YOUR OBJECTIVE:
Nothing in the records should be changed in the copy, though the pictures must be left out.

(Records excerpted from a collection)
================
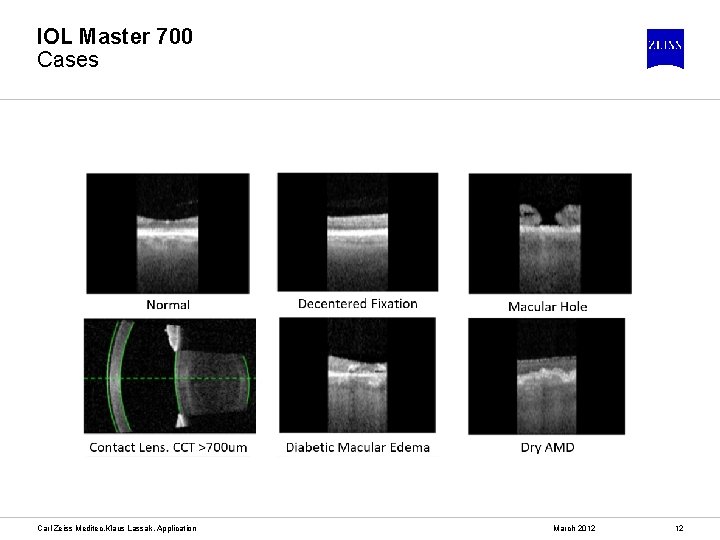 IOL Master 700 Cases Carl Zeiss Meditec, Klaus Lassak, Application March 2012 12 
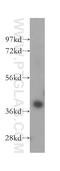 Haptoglobin antibody, 16665-1-AP, Proteintech Group, Western Blot image 
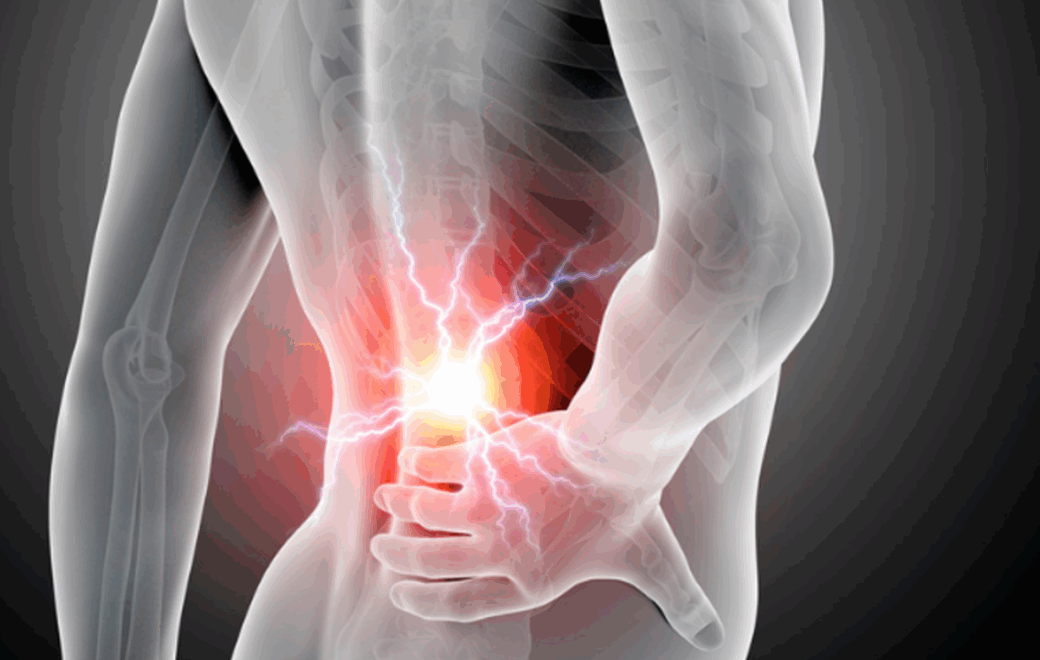 Lombalgie commune à l’officine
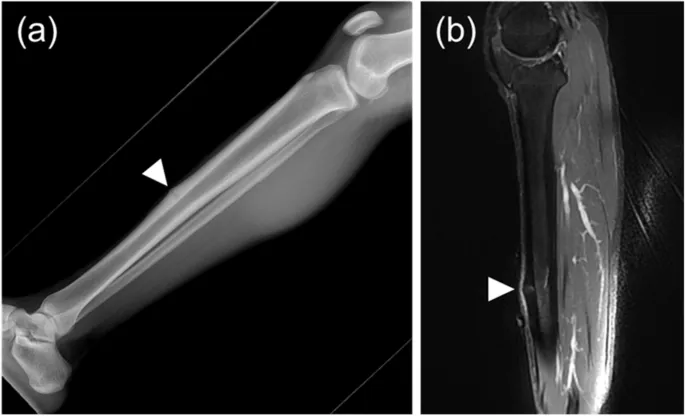 Radiograph and MRI of tibial stress fracture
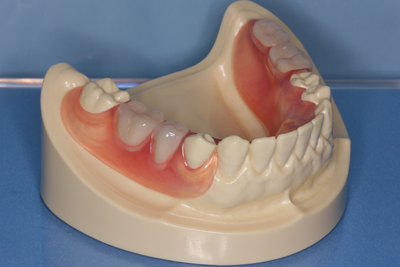 ノンメタル義歯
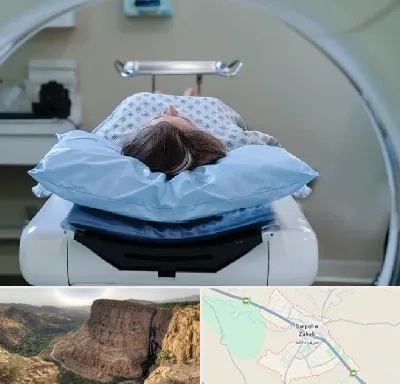 رادیولوژی فک و صورت در سرپل ذهاب
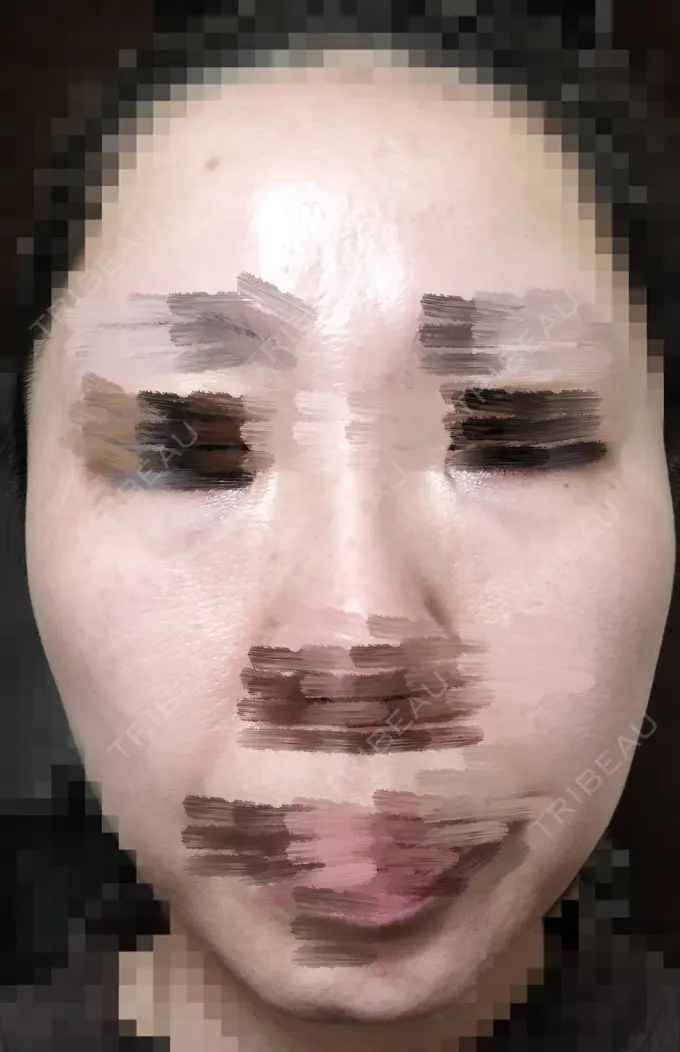 ルビーレーザー AZ BEAUTY CLINIC DAY 11 メイン用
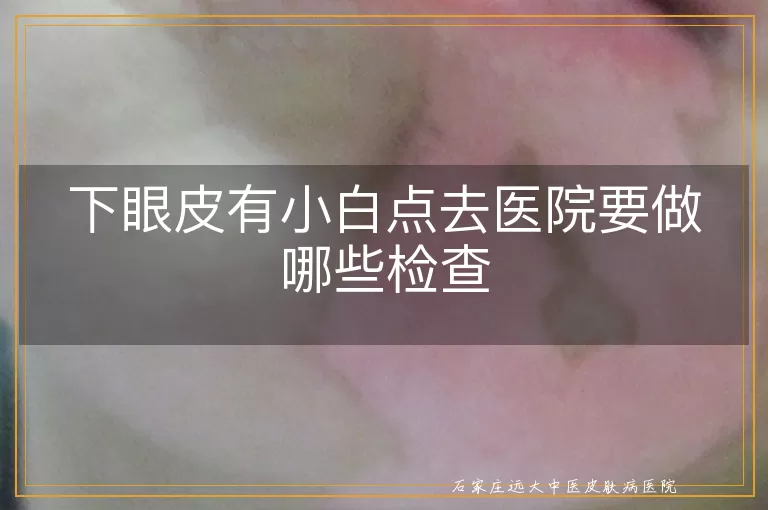 下眼皮有小白点去医院要做哪些检查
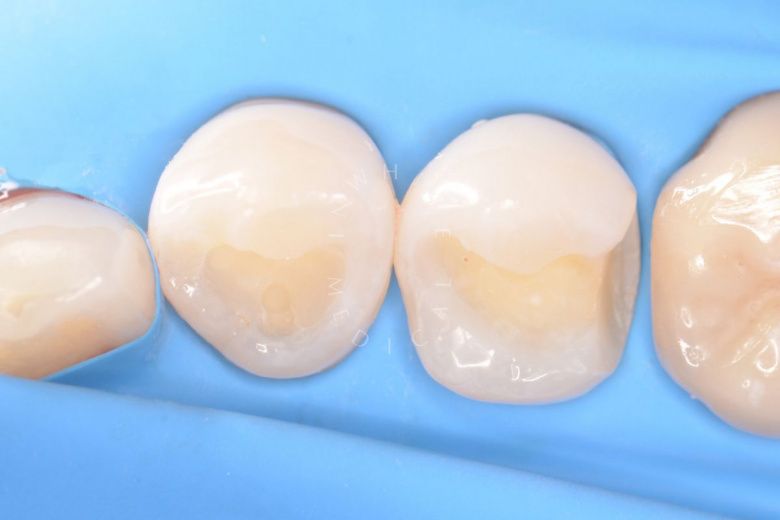 Лучшие стоматологические клиники Москвы. Лечение контактного кариеса - фото до процедуры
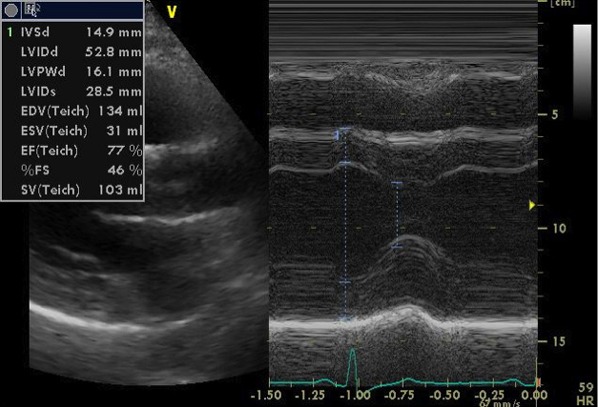 画像：心エコー画像3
================
WORKED SOLUTION:
 IOL Master 700 Cases Carl Zeiss Meditec, Klaus Lassak, Application March 2012 12 
 Haptoglobin antibody, 16665-1-AP, Proteintech Group, Western Blot image 
 Lombalgie commune à l’officine
 Radiograph and MRI of tibial stress fracture
 ノンメタル義歯
 رادیولوژی فک و صورت در سرپل ذهاب
 ルビーレーザー AZ BEAUTY CLINIC DAY 11 メイン用
 下眼皮有小白点去医院要做哪些检查
 Лучшие стоматологические клиники Москвы. Лечение контактного кариеса - фото до процедуры
 画像：心エコー画像3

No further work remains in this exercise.